Exercise aim: What is the count of lines in the listing below that hold the string "Road"? Reply with that number alone.
[Opening Data for this exercise section]
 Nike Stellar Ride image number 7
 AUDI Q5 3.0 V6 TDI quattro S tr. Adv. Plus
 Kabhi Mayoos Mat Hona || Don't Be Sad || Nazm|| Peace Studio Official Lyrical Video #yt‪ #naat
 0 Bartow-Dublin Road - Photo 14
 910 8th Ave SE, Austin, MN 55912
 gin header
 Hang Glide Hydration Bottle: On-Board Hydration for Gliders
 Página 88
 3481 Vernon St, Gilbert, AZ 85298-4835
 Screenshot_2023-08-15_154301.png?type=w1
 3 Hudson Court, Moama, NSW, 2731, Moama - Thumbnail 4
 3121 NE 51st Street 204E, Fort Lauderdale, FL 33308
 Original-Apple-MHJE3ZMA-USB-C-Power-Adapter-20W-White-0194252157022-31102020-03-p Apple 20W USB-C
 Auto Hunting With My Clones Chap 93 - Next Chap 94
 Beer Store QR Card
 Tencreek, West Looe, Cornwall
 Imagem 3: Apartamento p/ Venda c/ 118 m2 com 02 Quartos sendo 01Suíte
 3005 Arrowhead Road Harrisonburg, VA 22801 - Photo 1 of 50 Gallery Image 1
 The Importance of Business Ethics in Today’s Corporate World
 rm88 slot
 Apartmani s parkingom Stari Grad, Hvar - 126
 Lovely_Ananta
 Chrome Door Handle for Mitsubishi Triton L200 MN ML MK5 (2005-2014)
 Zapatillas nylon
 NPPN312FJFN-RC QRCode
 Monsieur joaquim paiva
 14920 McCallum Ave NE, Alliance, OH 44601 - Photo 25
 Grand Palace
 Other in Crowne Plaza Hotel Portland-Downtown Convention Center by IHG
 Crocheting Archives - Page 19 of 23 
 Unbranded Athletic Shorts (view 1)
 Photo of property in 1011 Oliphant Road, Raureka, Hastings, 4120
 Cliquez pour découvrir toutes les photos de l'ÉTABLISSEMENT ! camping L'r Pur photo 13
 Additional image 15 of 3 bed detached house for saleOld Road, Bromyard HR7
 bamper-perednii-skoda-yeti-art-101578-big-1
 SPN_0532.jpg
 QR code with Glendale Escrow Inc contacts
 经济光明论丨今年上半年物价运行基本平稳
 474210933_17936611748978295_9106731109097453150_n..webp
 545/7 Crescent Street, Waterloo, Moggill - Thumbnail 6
[Closing Data for this exercise section]
Response to this exercise: 4